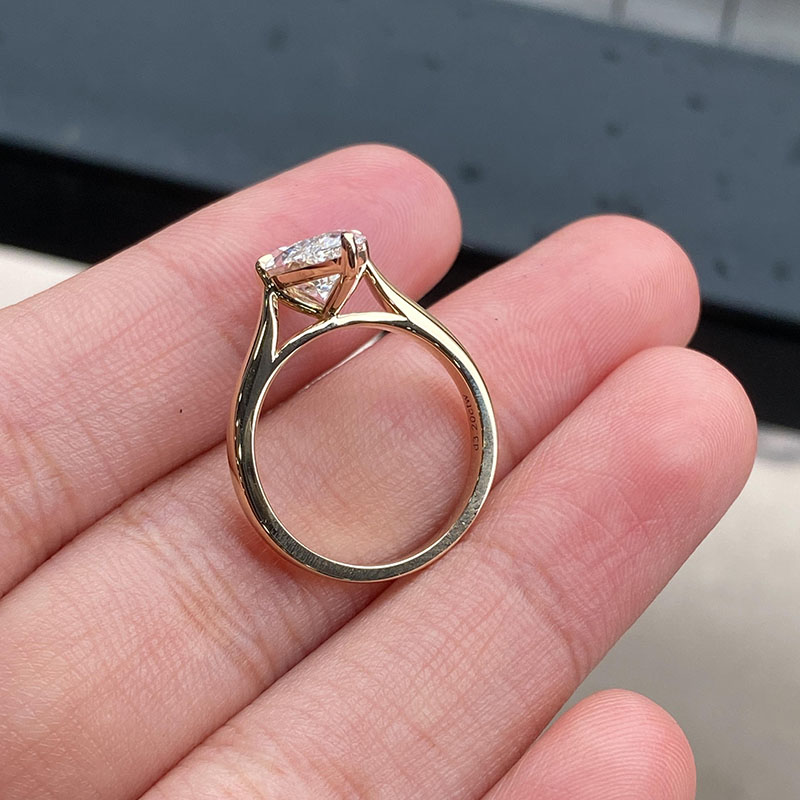 خاتم نسائي من الذهب الأصفر عيا - مراجعة Body Jewelry Vch وسعره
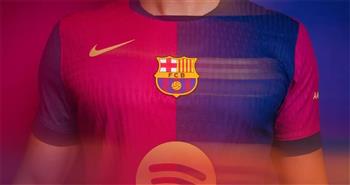 برشلونة يكشف عن قميصه الأساسي في الموسم الجديد (فيديو)
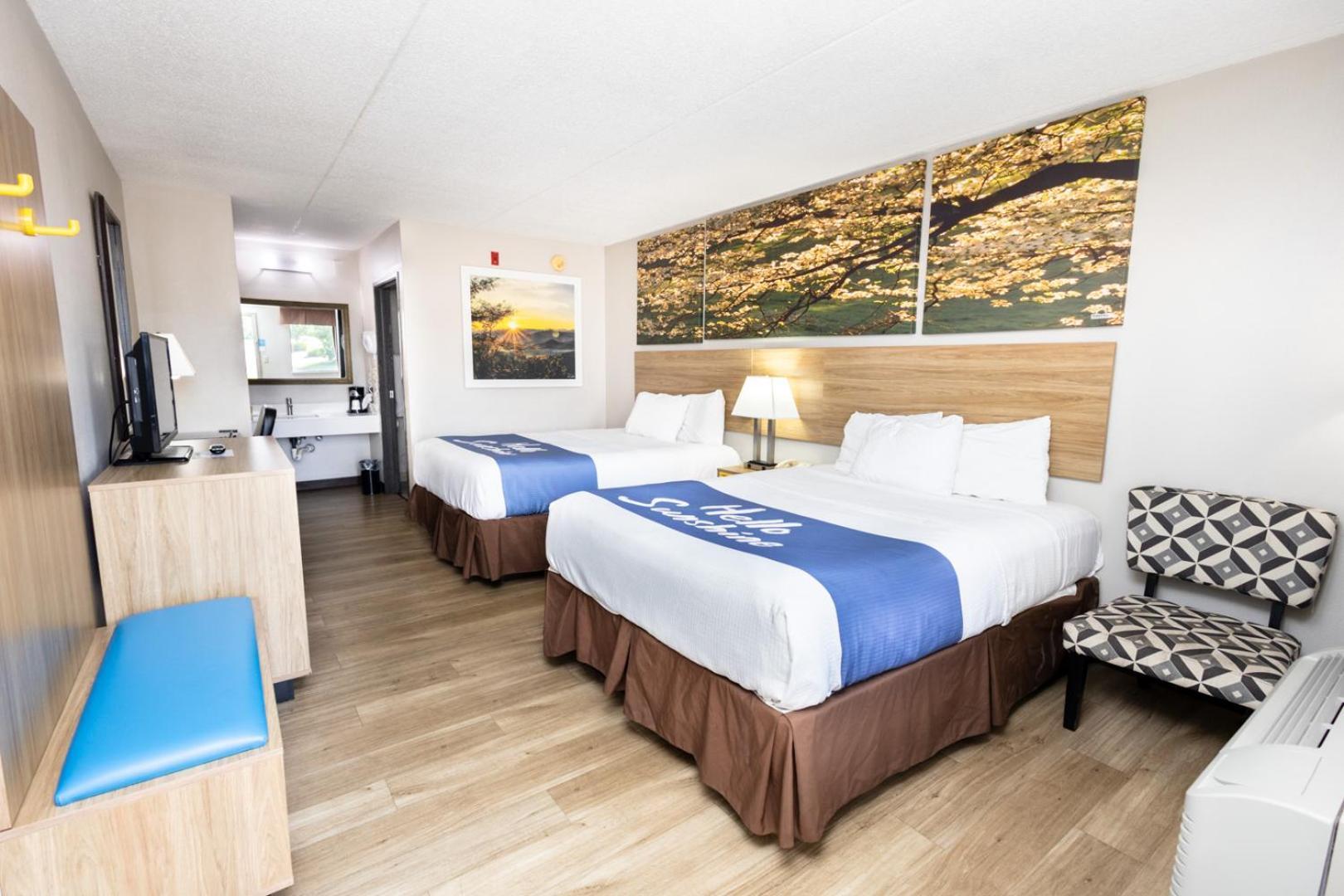 Days Inn By Wyndham Dayton Huber Heights Northeast Buitenkant foto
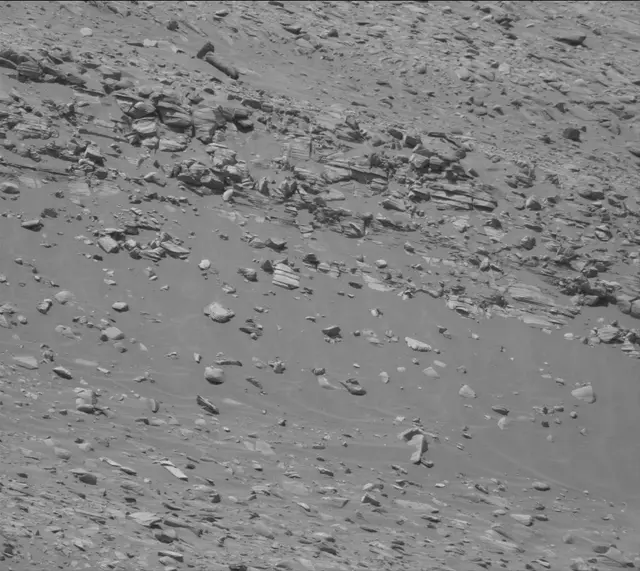 Sol 3983: Mast Camera (Mastcam)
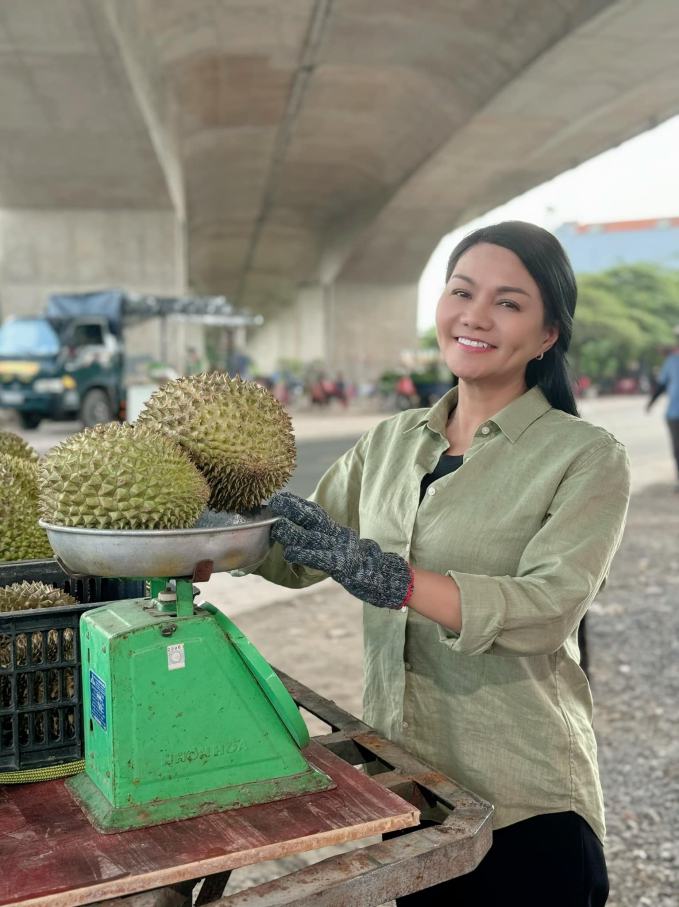 Nữ nghệ sĩ cải lương đình đám bán sầu riêng, vừa cất giọng đã làm cõi mạng dậy sóng- Ảnh 7.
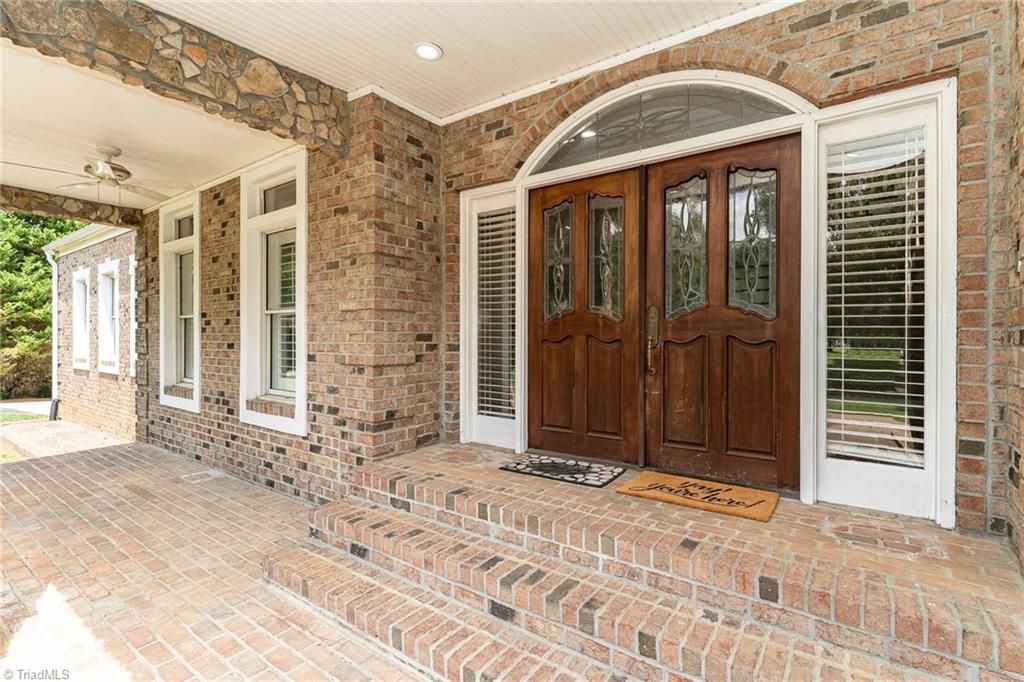 4520 Johnson Street High Point, NC 27265 - Photo 5 of 48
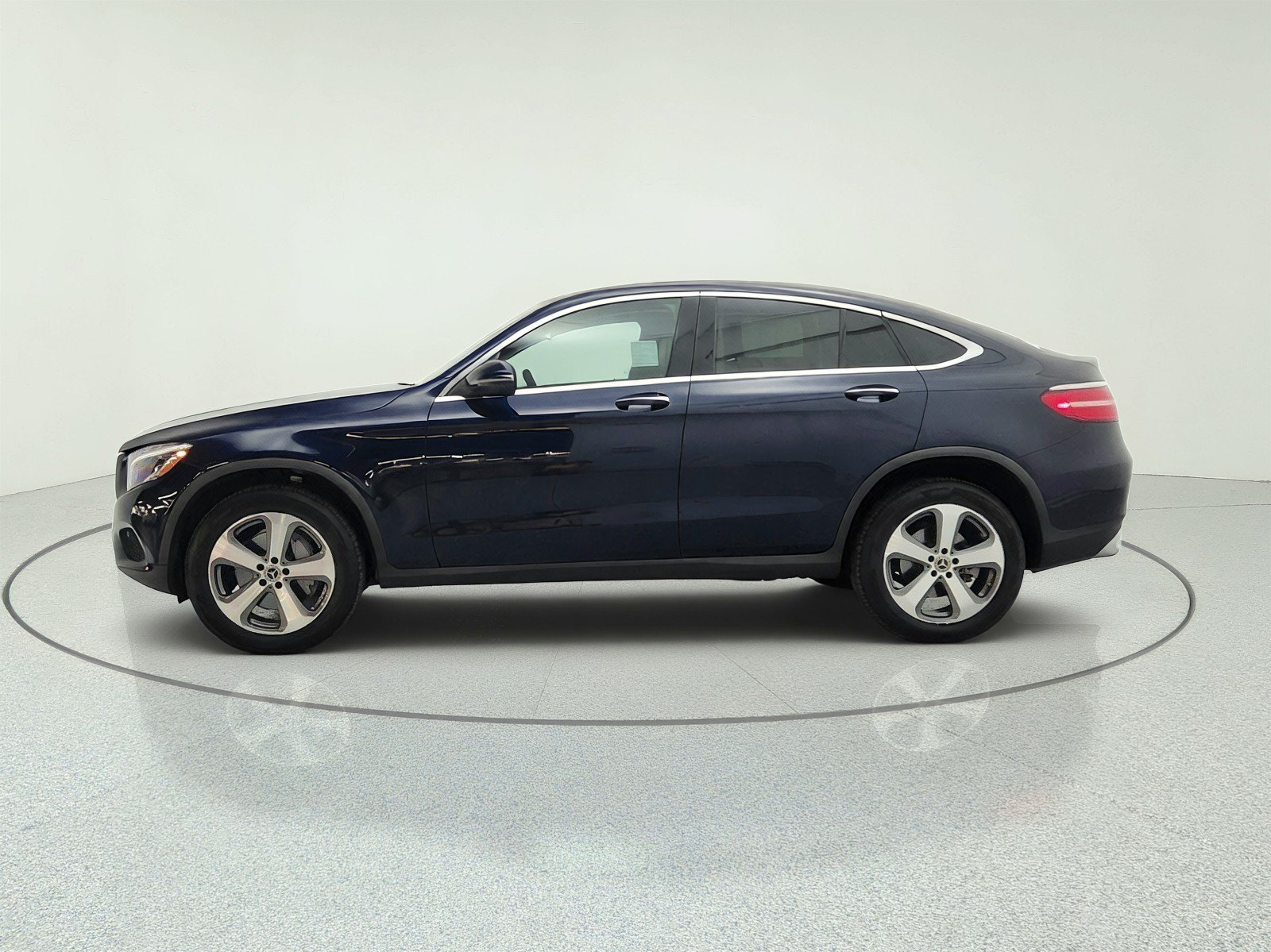 Used 2017 Mercedes-Benz GLC 300 4MATIC Coupe image 8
——
• [TASK DESCRIPTION]: Reproduce the data above exactly, leaving each picture out.

• [ANSWER FOR THIS EXERCISE]:
 خاتم نسائي من الذهب الأصفر عيا - مراجعة Body Jewelry Vch وسعره
 برشلونة يكشف عن قميصه الأساسي في الموسم الجديد (فيديو)
 Days Inn By Wyndham Dayton Huber Heights Northeast Buitenkant foto
 Sol 3983: Mast Camera (Mastcam)
 Nữ nghệ sĩ cải lương đình đám bán sầu riêng, vừa cất giọng đã làm cõi mạng dậy sóng- Ảnh 7.
 4520 Johnson Street High Point, NC 27265 - Photo 5 of 48
 Used 2017 Mercedes-Benz GLC 300 4MATIC Coupe image 8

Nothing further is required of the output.